Sowetan and its partners are continuing to encourage high school pupils and those among us who have this manageable condition to understand, accept and appreciate albinism.
Partners include the Albinism Society of South Africa, Development Bank of Southern Africa, Transnet Foundation and the national departments of health and education.
Sowetan has made the project a part of the Aggrey Klaaste Nation Building Foundation's portfolio of youth and community development activities.
Aimed at squashing all myths and superstitions about albinism, the yearly National Schools Essay Competition on Albinism is open to pupils in Grades 10 to 12. Entrants are required to write essays of not more than 1 000 words on any of these topics:
lAlbinism: being different in my community;
l Albinism: experiences of a teenager with albinism;
lAlbinism: how I relate to people with albinism; and
lAlbinism: a disability or not?
Albinism is a manageable, genetic condition in which pigmentation is lacking.

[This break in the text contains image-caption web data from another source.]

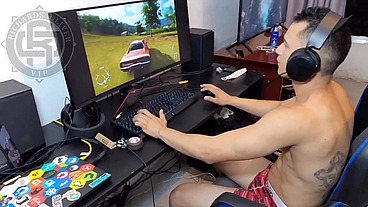 Tava jogando de boa, quando minha vizinha apareci querendo sexo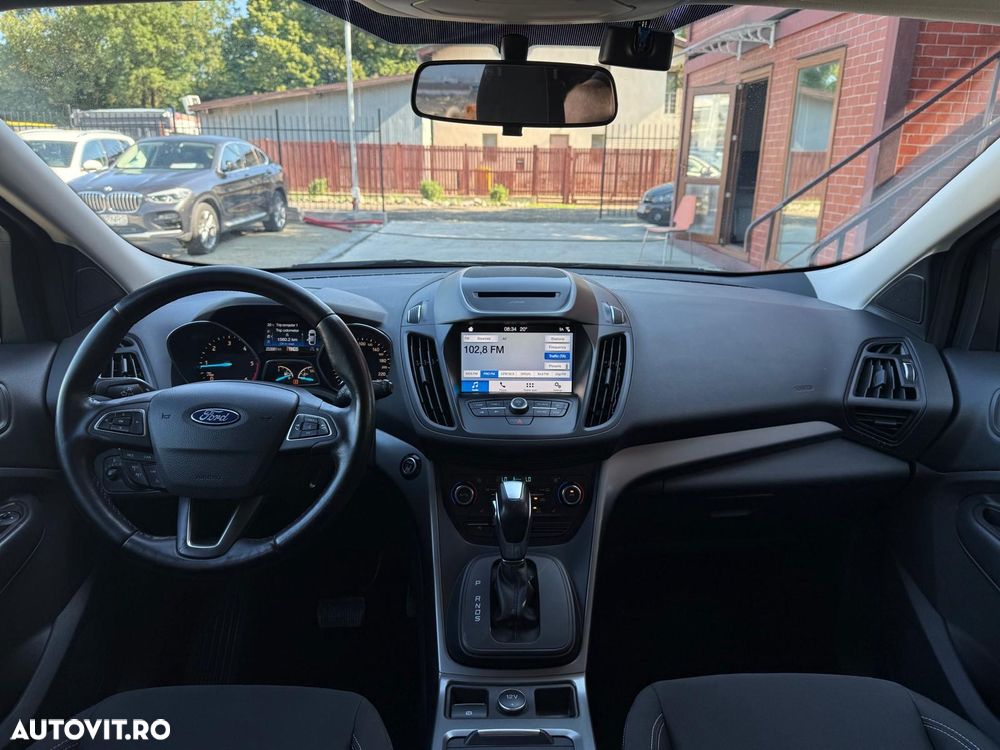 Ford Kuga - 5
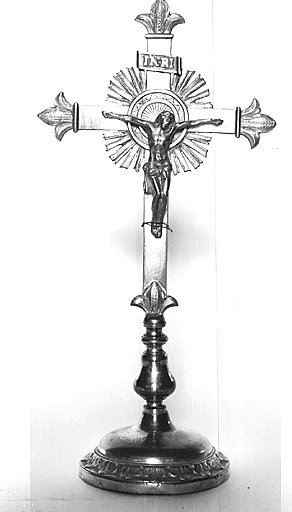 Croix d'autel : Christ en croix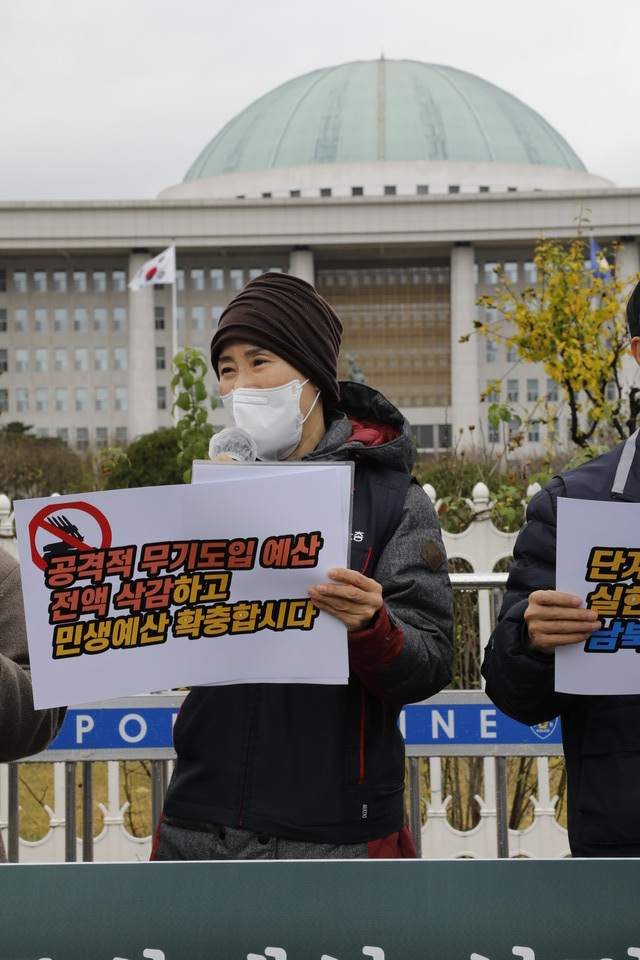 군사증강 중단, 국방예산 삭감 촉구 각계 기자회견이 8일 오후 1시 국회 정문 앞에서 열렸다. 6.15공동실천선언 남측위원회가 주최했다. 김은형 민주노총 통일위원장이 발언하고 있다. ⓒ 조연주 기자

Both ocular albinism, which affects only the eyes, and oculocutaneous albinism, which affects the eyes and the skin, are inherited conditions.
The condition is erroneously thought of as a curse by superstitious and ignorant people.
School can be a challenge for children with albinism, but with professional help and the love and support of family, friends, teachers and fellow pupils, they are able to lead happy and fulfilling lives.
Competition winners in 2006 were Tshilisanani Nedombeloni of Limpopo, Gugu Ntinga of KwaZulu-Natal and Charles Masango of Mpumalanga. Last year's winners were Lehlabile Debeila of Gauteng, Charles Masango of Mpumalanga and Bomokazi Tetyana of Free State. Send entries to: The National Schools Essay Competition on Albinism, PO Box 9881, Johannesburg, 2000 on or before July 31.